Student with disability restrained, given electric shocks at school
The Judge Rotenberg Center (JRC), a school for students with special needs in Canton, Massachusetts, is under investigation for questionable, risky, and potentially life-threatening treatment of its students.
Established as an organization to treat children with severe behavioral and mental disabilities, the JRC is being sued by the mother of Andre McCollins, a young man with a disability, over what she calls torture by JRC staff. WBZ-TV in Boston has additional details:
In court Wednesday, an expert witness for the family testified that the doctors stood by as Andre was shocked in 2002 at the age of 18. He says Andre was literally “scared stiff.”
Disturbing video of the treatment was shown in court. Jurors listened as Andre screamed as he was shocked, and yelled out, “No.” He was then restrained face down for hours.

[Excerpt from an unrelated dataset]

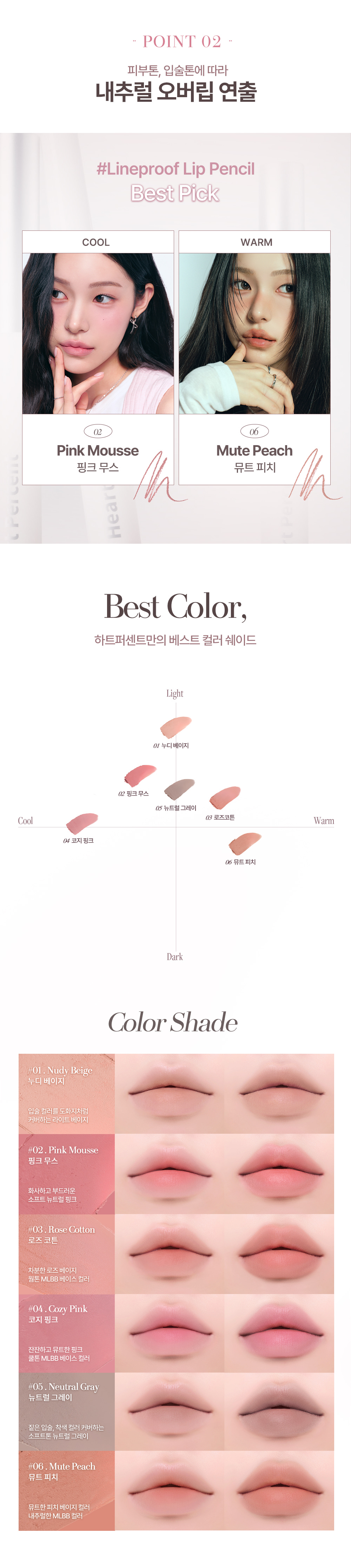 韓國 HEART PERCENT Dote On Mood Lineproof Lip Pencil 12小時長效持妝防水唇打底唇筆(#01-06) - 6色選擇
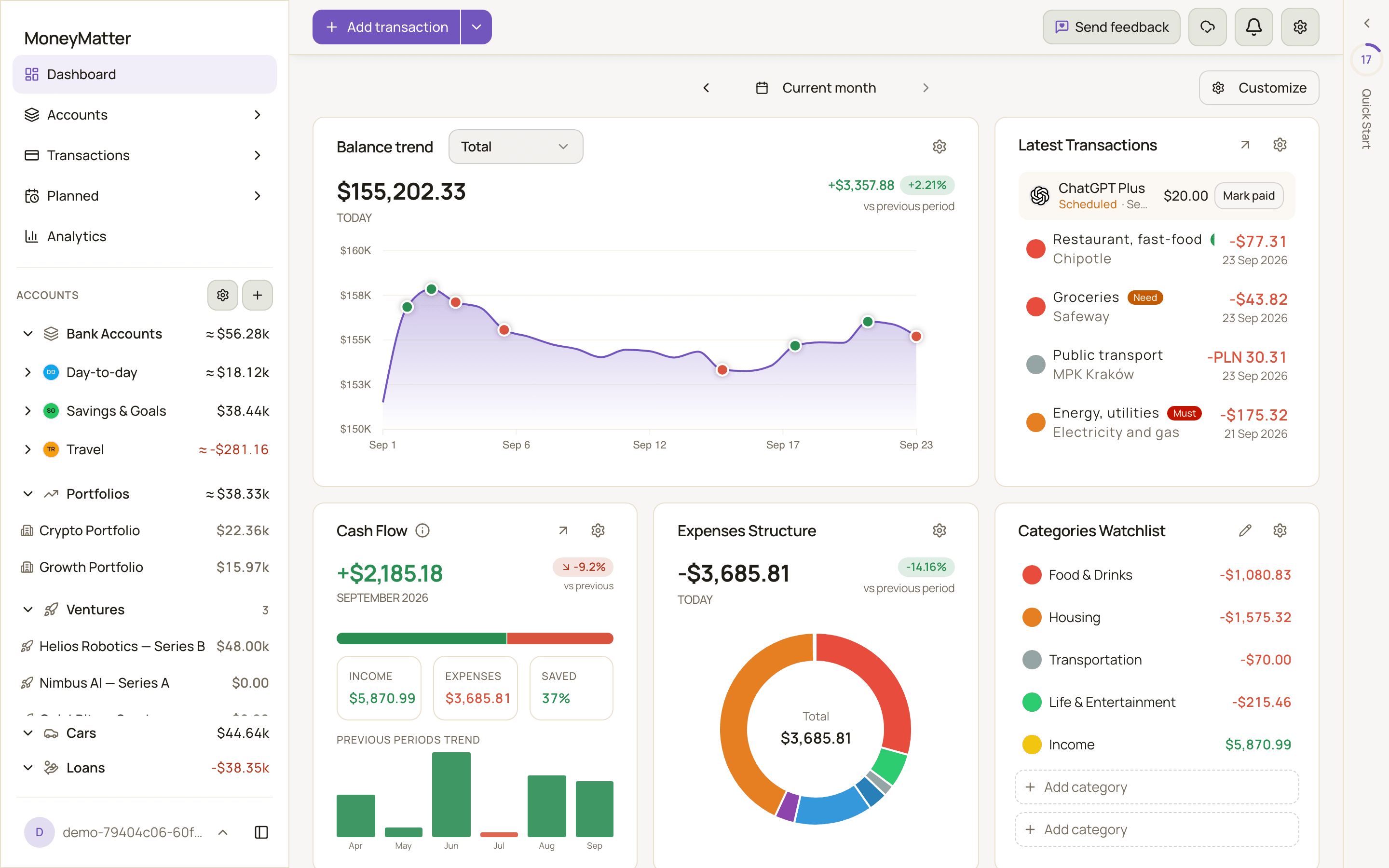 The dashboard with the period selector, the Customize button and the Balance trend, Latest Transactions, Cash Flow, Expenses Structure and Categories Watchlist widgets.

“He was essentially in what we would call a catatonic condition,” says Dr. Marc Whaley. “That means a condition that happens with people that are acutely psychotically disturbed.”
The allegations of Andre’s mistreatment are especially disturbing since these events transpired in an environment that is supposed to be safe for children – school.
The issues raised in this case are not isolated. Last Congress, as Chairman of the Committee on Education and Labor, Rep. George Miller (D-CA) conducted hearings into abusive practices in schools involving the seclusion or restraint of children. An investigation, requested by Miller and conducted by the Government Accountability Office (GAO), found hundreds of allegations that schoolchildren had been abused, and some even died, as a result of inappropriate uses of seclusion and restraint in classrooms. Furthermore, the report found that the abusive practices were used disproportionately on children with disabilities, some as young as three and four years old.
Rep. Miller believes that there is no excuse for torture and abuse in America’s schools. That is why, in early April 2011 he re-introduced the Keeping All Students Safe Act to ensure all children are protected at school. The bipartisan legislation would protect schoolchildren from inappropriate uses of restraint and seclusion. The bill would, for the first time, put in place minimum safety standards to prevent abusive restraint and seclusion in schools across the country and protect students like Andre from any further mistreatment.